» PROBLEM TO SOLVE: The line containing "Baller Lifestyle Baseball", plus every line that follows it to the end of the listing below, is what you transcribe exactly; omit all pictures.

» DATA FOR ANALYSIS:
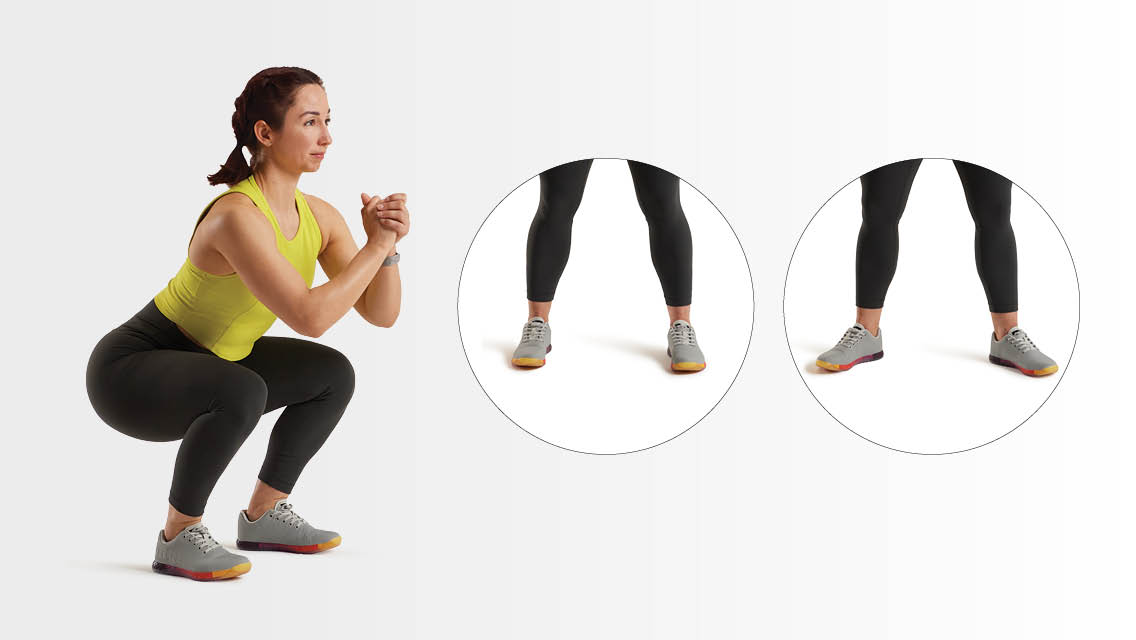 squat with alternating toe position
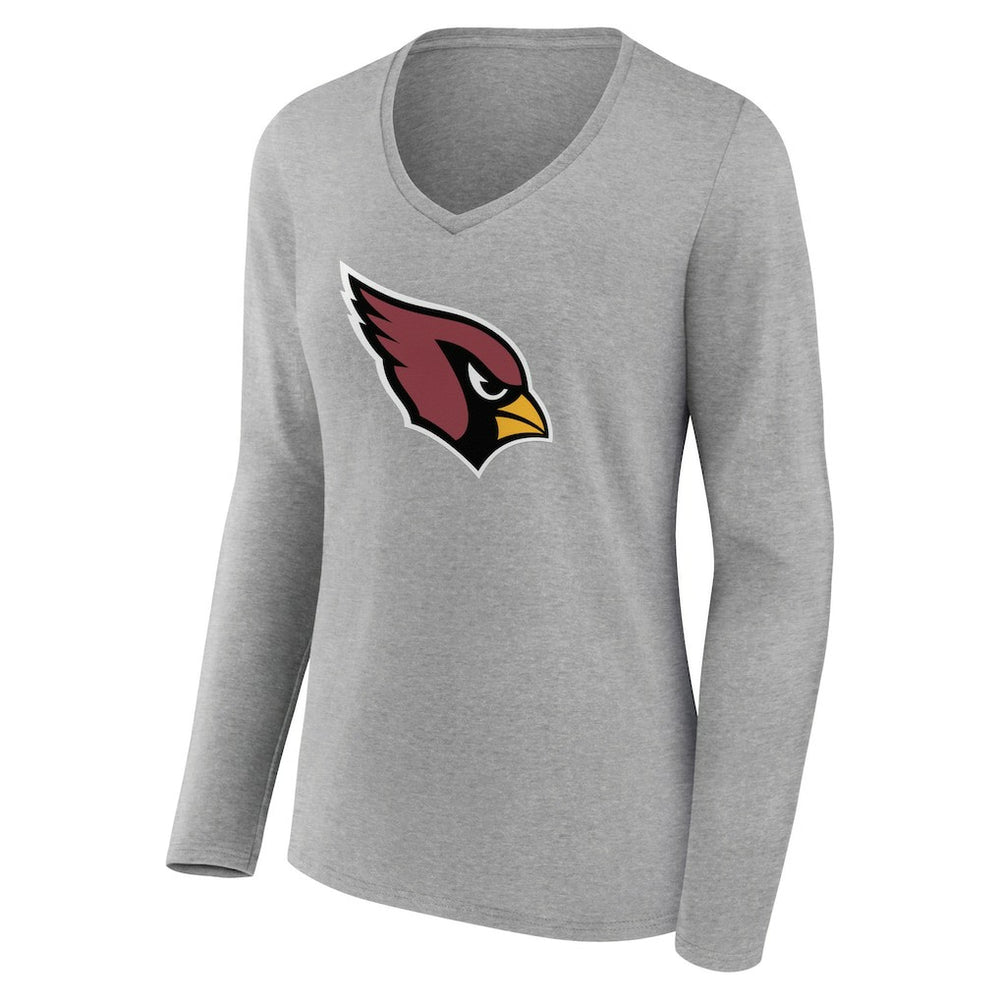 Arizona Cardinals Women's Primary Team Logo Long Sleeve V-Neck T-Shirt Heather Gray - NFL
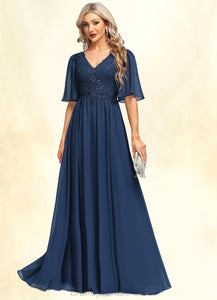 Victoria A-line V-Neck Floor-Length Chiffon Lace Mother of the Bride Dress With Sequins XXC126P0021888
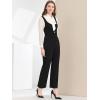 imageAllegra K Womens High Waist Casual Wide Leg Pants Overalls JumpsuitBlack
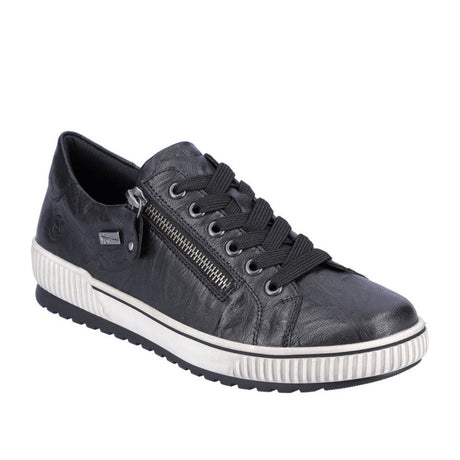 Remonte Ottawa D0700 Women's Lace Up Shoe, all-day comfort Premium black leather upper with sporty contrast stitching. Style #D0700-00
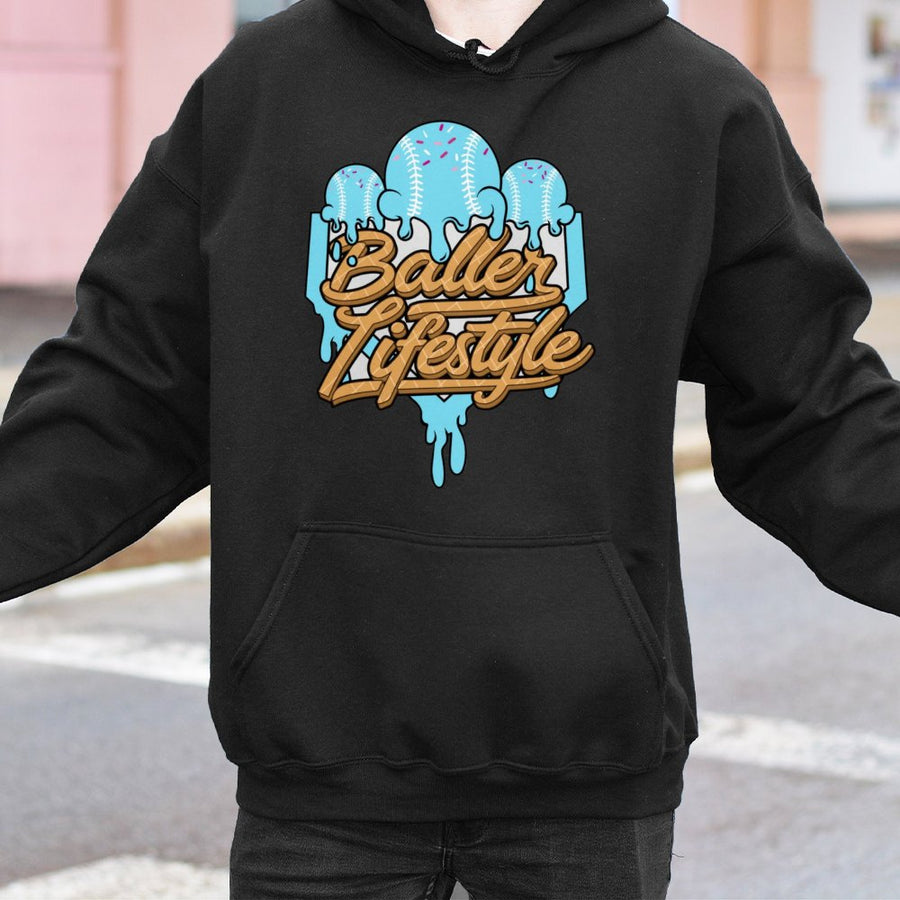 Baller Lifestyle Baseball Hoodie | Ice Cream Drip Graphic Design | Premium Cotton-Poly Blend | Unisex Sports Apparel Gift for Baseball Fans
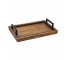 TRAY-Acacia Wood Tray w/ Metal Handles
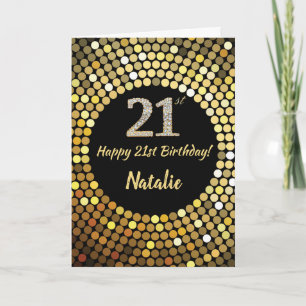Cartão Placa alegre aniversário de 21 anos preto e brilh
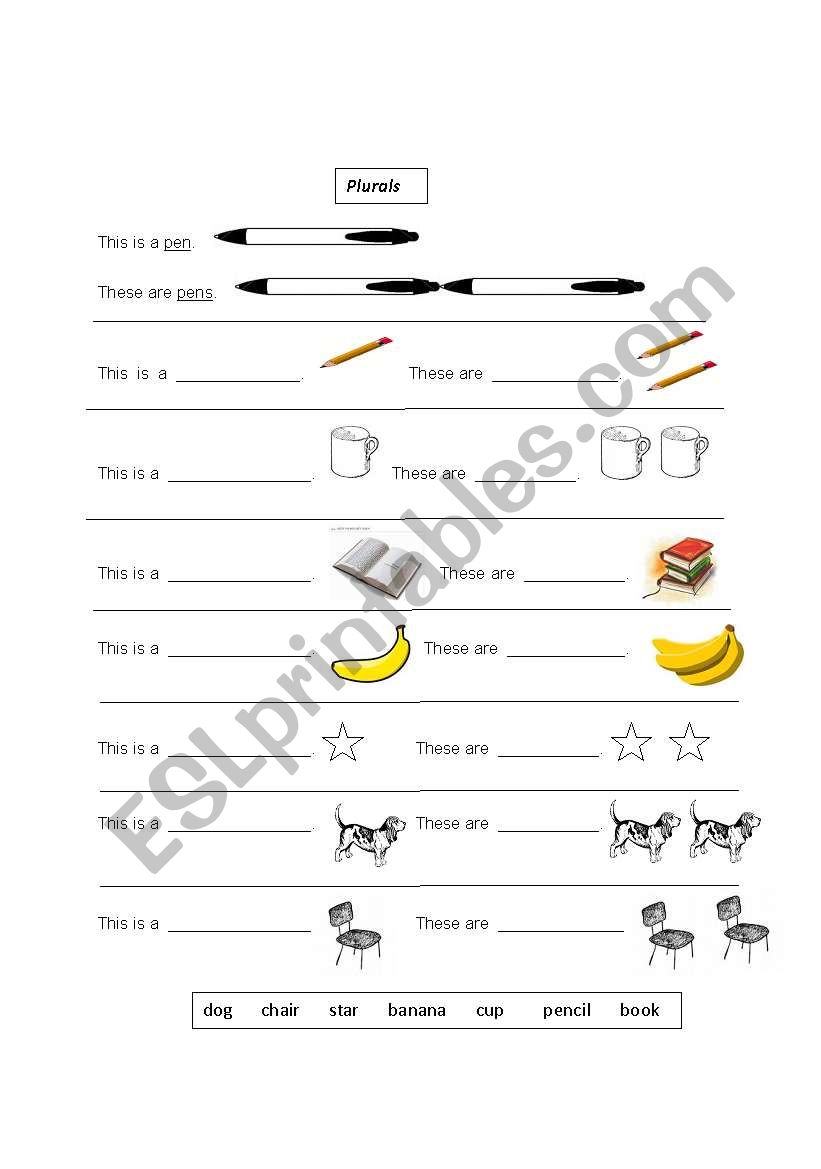 Plurals worksheet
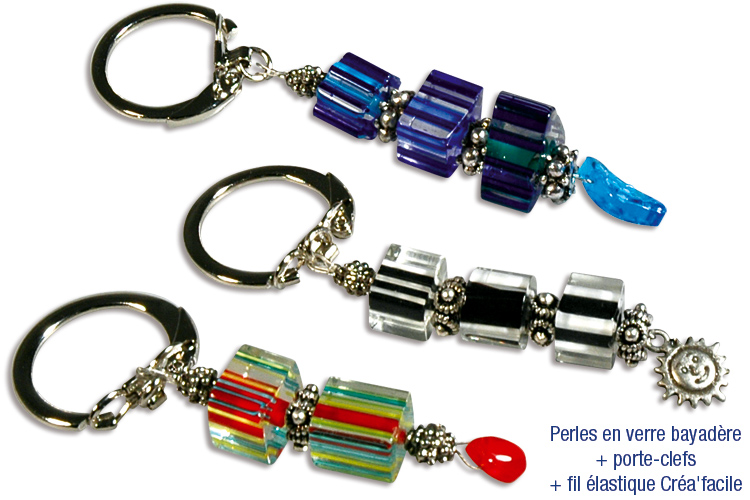 Porte-clefs ou mousqueton de perles bayadères en verre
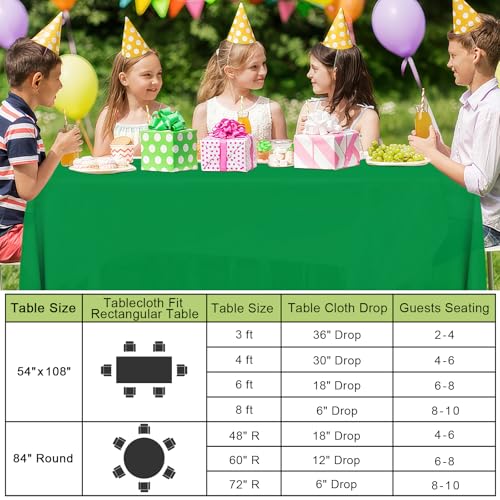 Image of Smiry Disposable Table Cloth 3 Pack, 54 x 78 Inch Waterproof Plastic Tablecloth, Decorative Rectangle Table Covers for Party, Birthday, Picnic, Green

» EXERCISE SOLUTION:
 Baller Lifestyle Baseball Hoodie | Ice Cream Drip Graphic Design | Premium Cotton-Poly Blend | Unisex Sports Apparel Gift for Baseball Fans
 TRAY-Acacia Wood Tray w/ Metal Handles
Cartão Placa alegre aniversário de 21 anos preto e brilh
 Plurals worksheet
 Porte-clefs ou mousqueton de perles bayadères en verre
 Image of Smiry Disposable Table Cloth 3 Pack, 54 x 78 Inch Waterproof Plastic Tablecloth, Decorative Rectangle Table Covers for Party, Birthday, Picnic, Green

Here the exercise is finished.